■ Data for the task
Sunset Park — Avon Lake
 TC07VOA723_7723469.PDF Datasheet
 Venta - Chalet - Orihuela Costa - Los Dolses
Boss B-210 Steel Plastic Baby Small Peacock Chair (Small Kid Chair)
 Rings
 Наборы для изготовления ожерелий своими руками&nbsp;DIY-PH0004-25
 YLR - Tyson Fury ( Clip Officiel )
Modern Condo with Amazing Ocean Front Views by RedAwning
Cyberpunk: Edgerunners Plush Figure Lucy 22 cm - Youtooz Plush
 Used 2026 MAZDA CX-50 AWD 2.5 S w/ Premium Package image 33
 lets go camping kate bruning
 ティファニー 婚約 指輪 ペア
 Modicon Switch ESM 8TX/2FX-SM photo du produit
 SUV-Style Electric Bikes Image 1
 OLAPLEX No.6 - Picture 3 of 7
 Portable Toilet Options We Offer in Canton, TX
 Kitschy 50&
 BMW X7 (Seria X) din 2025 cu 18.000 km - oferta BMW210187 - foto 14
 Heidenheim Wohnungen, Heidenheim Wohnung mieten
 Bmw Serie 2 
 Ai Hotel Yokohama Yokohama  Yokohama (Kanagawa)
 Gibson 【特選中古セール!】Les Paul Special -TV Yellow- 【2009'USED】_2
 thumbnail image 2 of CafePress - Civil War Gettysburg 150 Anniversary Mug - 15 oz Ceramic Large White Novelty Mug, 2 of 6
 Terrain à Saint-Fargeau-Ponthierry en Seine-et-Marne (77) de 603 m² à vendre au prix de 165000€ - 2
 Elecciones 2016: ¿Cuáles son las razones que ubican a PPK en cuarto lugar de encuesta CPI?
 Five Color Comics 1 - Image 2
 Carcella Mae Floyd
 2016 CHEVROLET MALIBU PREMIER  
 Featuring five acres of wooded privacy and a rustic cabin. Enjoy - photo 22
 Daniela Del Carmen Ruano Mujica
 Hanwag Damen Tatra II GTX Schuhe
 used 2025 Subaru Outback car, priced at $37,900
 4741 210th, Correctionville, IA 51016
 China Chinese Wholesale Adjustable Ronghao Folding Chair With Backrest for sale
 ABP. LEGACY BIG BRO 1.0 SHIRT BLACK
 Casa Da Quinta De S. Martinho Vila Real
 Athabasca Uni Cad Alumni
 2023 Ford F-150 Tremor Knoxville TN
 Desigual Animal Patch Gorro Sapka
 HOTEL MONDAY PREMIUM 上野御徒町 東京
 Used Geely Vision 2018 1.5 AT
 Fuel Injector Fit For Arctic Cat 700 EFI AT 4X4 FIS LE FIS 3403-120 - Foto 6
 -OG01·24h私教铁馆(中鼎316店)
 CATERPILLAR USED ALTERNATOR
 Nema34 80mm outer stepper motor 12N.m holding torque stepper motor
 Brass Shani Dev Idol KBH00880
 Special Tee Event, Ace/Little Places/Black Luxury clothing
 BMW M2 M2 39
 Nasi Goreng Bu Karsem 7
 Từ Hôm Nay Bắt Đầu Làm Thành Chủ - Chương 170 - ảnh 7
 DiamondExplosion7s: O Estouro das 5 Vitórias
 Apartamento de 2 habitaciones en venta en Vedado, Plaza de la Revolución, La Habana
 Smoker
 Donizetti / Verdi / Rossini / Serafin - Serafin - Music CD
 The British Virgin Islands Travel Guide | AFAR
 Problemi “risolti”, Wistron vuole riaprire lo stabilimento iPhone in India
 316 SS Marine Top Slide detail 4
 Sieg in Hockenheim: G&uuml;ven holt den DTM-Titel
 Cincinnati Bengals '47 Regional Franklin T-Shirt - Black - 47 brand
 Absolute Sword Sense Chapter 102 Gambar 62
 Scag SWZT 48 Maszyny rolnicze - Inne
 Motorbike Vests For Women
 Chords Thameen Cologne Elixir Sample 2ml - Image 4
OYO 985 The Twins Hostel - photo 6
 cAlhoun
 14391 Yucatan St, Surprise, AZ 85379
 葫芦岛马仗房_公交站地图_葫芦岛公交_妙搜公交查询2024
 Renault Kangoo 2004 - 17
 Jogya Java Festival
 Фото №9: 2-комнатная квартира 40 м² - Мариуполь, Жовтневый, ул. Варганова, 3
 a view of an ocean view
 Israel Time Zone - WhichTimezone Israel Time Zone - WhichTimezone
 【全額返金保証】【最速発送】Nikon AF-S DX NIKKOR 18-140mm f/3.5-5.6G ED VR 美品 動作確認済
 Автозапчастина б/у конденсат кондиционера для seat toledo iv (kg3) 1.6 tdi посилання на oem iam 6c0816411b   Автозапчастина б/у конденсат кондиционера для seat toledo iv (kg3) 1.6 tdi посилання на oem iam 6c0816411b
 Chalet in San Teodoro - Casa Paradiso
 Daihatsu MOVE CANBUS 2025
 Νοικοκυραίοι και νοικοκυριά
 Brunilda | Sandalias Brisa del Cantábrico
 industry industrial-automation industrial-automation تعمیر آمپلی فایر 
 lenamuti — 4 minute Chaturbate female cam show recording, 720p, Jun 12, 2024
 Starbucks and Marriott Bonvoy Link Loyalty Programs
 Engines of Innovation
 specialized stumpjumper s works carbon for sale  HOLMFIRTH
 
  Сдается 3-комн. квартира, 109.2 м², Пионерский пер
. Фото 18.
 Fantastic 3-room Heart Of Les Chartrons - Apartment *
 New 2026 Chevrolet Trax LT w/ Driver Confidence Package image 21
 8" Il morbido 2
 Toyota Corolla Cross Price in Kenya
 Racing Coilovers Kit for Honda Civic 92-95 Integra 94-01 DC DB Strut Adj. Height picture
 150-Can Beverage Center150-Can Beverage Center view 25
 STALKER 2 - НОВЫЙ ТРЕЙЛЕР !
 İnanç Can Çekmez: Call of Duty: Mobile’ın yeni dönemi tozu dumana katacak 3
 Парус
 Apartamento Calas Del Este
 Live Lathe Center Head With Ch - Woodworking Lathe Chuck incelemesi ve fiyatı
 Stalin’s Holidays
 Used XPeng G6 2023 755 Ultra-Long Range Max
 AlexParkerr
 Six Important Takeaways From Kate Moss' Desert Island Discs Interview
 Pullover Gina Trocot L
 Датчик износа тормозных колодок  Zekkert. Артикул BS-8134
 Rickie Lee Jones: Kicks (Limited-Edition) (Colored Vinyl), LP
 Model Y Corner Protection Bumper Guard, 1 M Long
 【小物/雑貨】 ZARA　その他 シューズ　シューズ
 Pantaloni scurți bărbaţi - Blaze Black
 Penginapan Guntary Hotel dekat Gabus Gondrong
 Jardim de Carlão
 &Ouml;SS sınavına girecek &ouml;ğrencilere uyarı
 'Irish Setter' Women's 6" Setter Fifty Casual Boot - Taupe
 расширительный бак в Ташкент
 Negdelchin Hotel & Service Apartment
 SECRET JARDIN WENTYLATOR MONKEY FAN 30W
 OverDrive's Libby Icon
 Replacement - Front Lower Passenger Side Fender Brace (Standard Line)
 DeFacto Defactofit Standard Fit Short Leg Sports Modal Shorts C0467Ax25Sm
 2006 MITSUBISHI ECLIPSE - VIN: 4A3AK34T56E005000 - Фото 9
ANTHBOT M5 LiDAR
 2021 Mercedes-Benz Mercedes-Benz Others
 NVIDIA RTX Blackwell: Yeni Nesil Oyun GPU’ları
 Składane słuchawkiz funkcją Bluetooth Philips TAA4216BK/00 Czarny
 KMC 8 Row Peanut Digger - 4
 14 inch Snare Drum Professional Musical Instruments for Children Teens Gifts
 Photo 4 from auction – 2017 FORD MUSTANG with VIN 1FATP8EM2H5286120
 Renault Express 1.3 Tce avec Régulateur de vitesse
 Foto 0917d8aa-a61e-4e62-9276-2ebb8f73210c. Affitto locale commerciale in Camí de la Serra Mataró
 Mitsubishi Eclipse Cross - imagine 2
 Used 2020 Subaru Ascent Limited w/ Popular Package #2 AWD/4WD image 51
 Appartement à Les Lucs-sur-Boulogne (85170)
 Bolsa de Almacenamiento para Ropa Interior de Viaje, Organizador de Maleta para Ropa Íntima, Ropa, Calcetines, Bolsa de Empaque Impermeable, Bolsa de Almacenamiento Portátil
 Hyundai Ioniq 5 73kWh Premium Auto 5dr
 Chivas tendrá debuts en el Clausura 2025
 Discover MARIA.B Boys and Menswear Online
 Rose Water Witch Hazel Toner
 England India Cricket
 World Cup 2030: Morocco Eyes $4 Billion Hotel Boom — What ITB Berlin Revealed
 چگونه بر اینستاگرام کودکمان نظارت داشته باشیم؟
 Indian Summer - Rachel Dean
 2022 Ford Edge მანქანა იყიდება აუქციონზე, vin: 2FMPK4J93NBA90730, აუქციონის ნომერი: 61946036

■ Work to be completed
Scan the listing above and work out how many of its lines contain the word "Front". Report only that number.

■ Completed task
2